Second, I wish there was a "Palestinian Gandhi" who could lead a march of Palestinians, starting from the compound where Arafat has been confined to the seats of Israeli power, and that the organizers could call upon international forces to join that march. But those of us who choose nonviolence cannot impose that tactic and that strategy on others. Each group that is oppressed will struggle in its own way.



No Israeli (and no supporter of Israel anywhere in the world) has the right to condemn suicide attacks against Israeli forces in the Occupied Territory unless they have been even more forceful in condemning the Israeli Occupation.

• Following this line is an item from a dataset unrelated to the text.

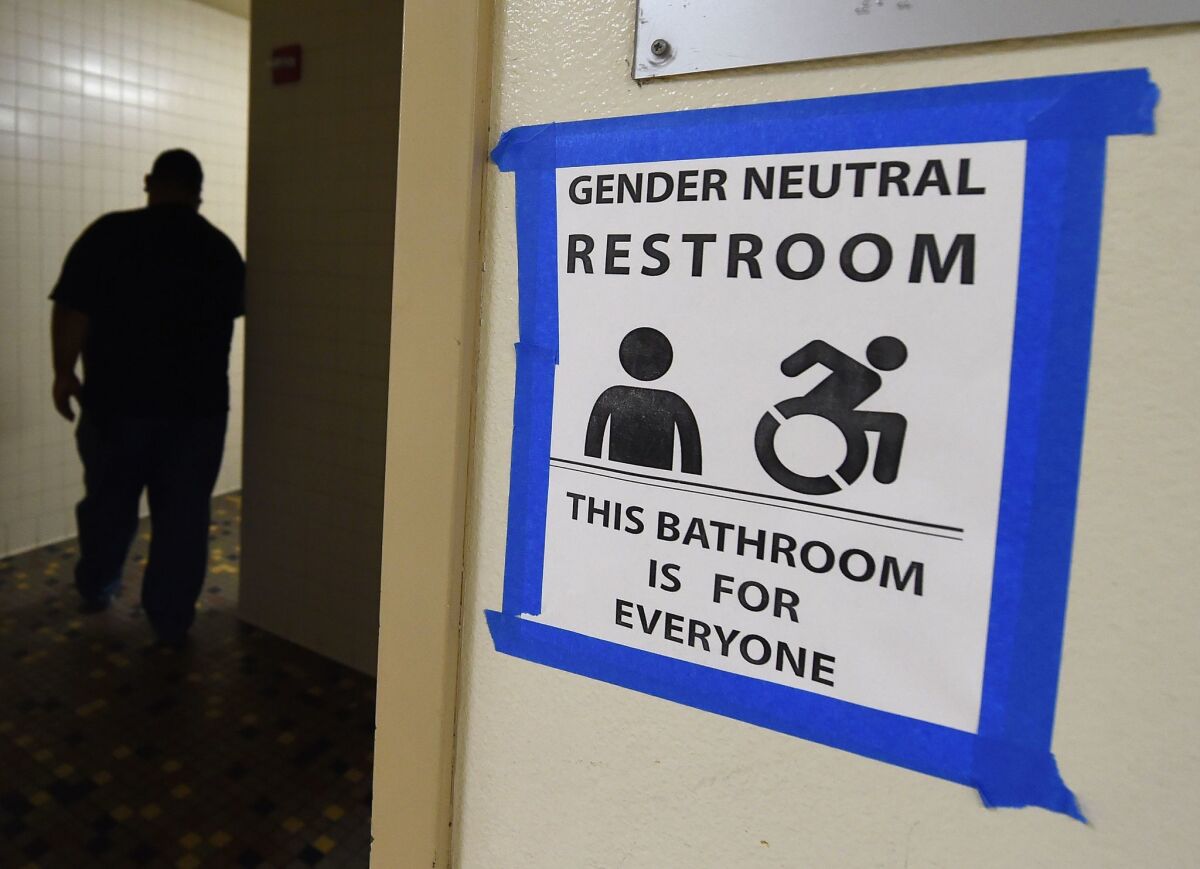 La resolución que fue aprobada en junio pide al distrito escolar que, entre otras cosas, que lleve a cabo un análisis de baños de un solo usuario para hombres y mujeres y averiguar si cumplen con la Ley Estatal AB-1732, que ayuda a combatir la discriminación de identidad de género.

Third, the attack on Syria defies international opinion, violates moral and legal codes, is an act of aggression which should lead to more than a UN condemnation of Israel. It should lead to economic sanctions against Israel and, in the case of the United States, a categorical opposition to all US military and economic aid to Israel until Israel has dismantled every settlement in the Occupied Territory and withdrawn behind its 1967 borders.



Fourth, Israeli leaders have put the lives of the people of Israel at risk by pursuing a consistently brutish and cruel policy which has not resulted in peace for the Israelis, which amounts to a cultural genocide for the Palestinians, and which has clearly expanded the problem of violence and terror in the Middle East. The facts bear this out - it is not an opinion, it is a matter of record. Once and for all, the attack on Syria, coming as it does after the US invasion of Iraq (which was supposed to establish peace in the Middle East) suggests that Israel and the US are linked as outlaw states.

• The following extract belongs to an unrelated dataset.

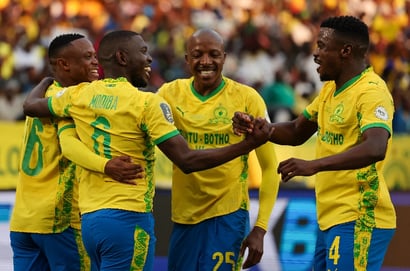 mamelodi sundowns celebrate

Fifth, we must be emphatic in "disconnecting" opposition to Israeli policy from anti-Semitism. To oppose Sharon is not anti-Semitic. If there is a "cause" of anti-Semitism in the Arab world (and indeed it is a profound tragedy that such anti-Semitism is widespread) it is a reflection of the actions of Israel. It is not the existence of Israel which occasions this widespread hostility but the actions of Israel against the Palestinian people, and in particular the Occupation.



Sixth, it is now folly for Israel and its defenders to refer to it as a "democratic state". It is not. Not so long as it denies elementary human rights - primarily the right of full self-government - to the Palestinian peoples can it lay claim to being democracy. Like South Africa before it, during the apartheid period, it grants real liberties to those in Israel, and one appreciates the fullness of debate within Israel, and rejoices at the sense of morality shown by so many Israelis. But when Israel denies similar rights to people over whom it has exercised control since 1967 it is clear that we are not dealing with a democratic state.



Seventh, it is very hard for anyone in the United States, which has violated international law so perversely and so widely, from Afghanistan to Iraq, from Indochina to Panama, to feel at ease in pointing the finger at another country - in this case Israel. Clearly we must oppose the actions of our own government first. Among those actions and policies, however, is the consistent support for Israel, backed by economic and military aid. If and when US military and economic aid is withdrawn from Israel then I would agree that Americans would have no more reason for concern with the policies of Israel than we do with the policies of countries in Africa, Latin America, Russia, etc. But it is precisely the deep links the US has with Israel which requires that we speak out on this issue.



These points must be carried into the Presidental arena by being raising with candidates from either party, at the national level and at the Congressional level.